When Anheuser-Busch InBev (NYSE:BUD) was looking recently to assess the risk to vital supplies of barley, a key ingredient in Budweiser beer, the company needed a swift, easy way to calculate current and future supplies of water to barley-growing regions across the world.

They turned to a recently developed web site called Aqueduct, produced by a Washington-based non-profit called the World Resources Institute, and funded largely by corporations including Goldman Sachs (NYSE:GS).

A mapping tool that helps identify global water risk for companies, investors and government agencies, Aqueduct is constantly updated with peer-reviewed academic data, and information from the U.S. space agency NASA, United Nations agencies and scientific centers around the globe, helping companies and communities plan their growth around the expected development of water resources.

"With beverage companies, 90 percent or more of their raw materials is water," says Nick Martin, the head of the sustainability practice at Antea Group, an international engineering consulting firm. For one multinational consumer products client, Martin said he used Aqueduct to help review over 4,000 facilities that belonged to the company or its suppliers to assess the risk of climate change and water supplies to the client's business.

A user can screen the globe for everything from the physical risk that water resources may dry up over a given time frame, to the risk that governments may interfere with a company's water use. Dozens of maps and data points can be assembled to give a picture of water risk for nearly any industrial project.

Special pages on the site show water risk for everything from shale gas extraction to flooding and rising seas.

A lot of the stress comes from areas where a casual observer might least expect it - the Boston to Washington corridor and the Great Lakes area are both at high risk of pollution damaging their water supplies.

The need for data to figure this one out is clear. Last week, Secretary of State John Kerry warned at a conference on food security that "the horrific refugee situation we're facing today will pale in comparison to the mass migrations that intense droughts, sea-level rise and other impacts of climate change are likely to bring about.''

The biggest users of the tool are two to three dozen multinational companies that depend on vast quantities of water in their day-to-day operations, and get "bottom-line value" from knowing what will happen to their water supply, says Maddocks.

Proctor & Gamble (NYSE:PG) used the Aqueduct tool to gauge how much water its factories were using for production, cooling and cleaning and figured out where they needed to reduce water usage and help educate other companies in the area - as well as consumers - on how to do more with less water, said Maddocks.

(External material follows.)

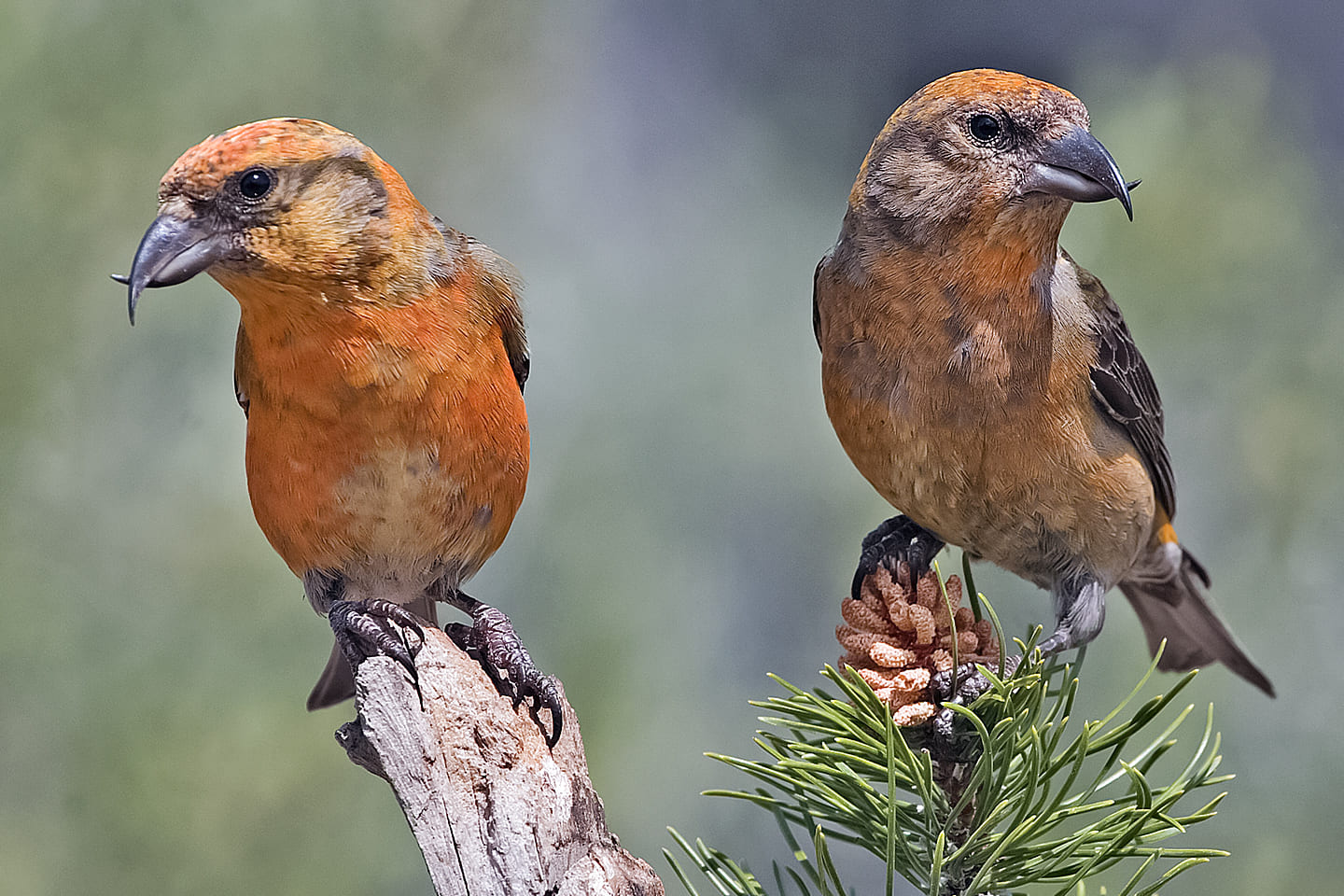 Cruza-bicos (gênero Loxia) -  Tem um bico cruzado e forte, adaptado para extrair sementes de pinhas. Ele é nativo do Hemisfério Norte, encontrado em florestas de coníferas da América do Norte, Europa e Ásia. Seu bico especializado permite acessar alimentos que outras aves não conseguem, garantindo sua sobrevivência em climas frios.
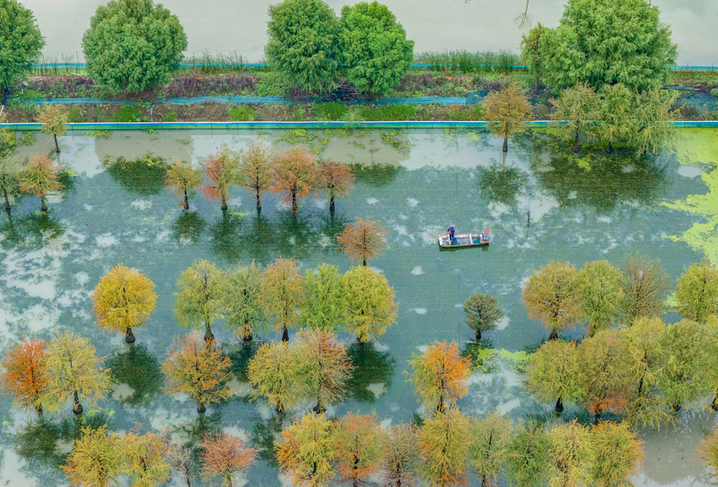 2025年10月17日，江苏省宿迁市泗洪县临淮镇水杉林螃蟹养殖基地秋景如画。工作人员荡舟穿梭在色彩斑斓的水杉林间，查看螃蟹生长情况。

With Anheuser-Busch's barley survey, once the results came in, Maddocks said, the company was able to determine how much to spend  and when to reach out to other farmers in the areas to see how they could all use water more efficiently.  "It can very quickly and scientifically identify where you can focus your time and money to reduce water risk," he said. That's increasingly important as resources become scarcer and more companies pay attention to the green column of their ledger - the environmental, social and governance aspects.

"It's just good business," says Martin of the Antea Group. "Resiliency is what it's all about - you can have the perfect facility, but you need to have the watershed conditions where your suppliers are, because your suppliers and your facility can be at risk."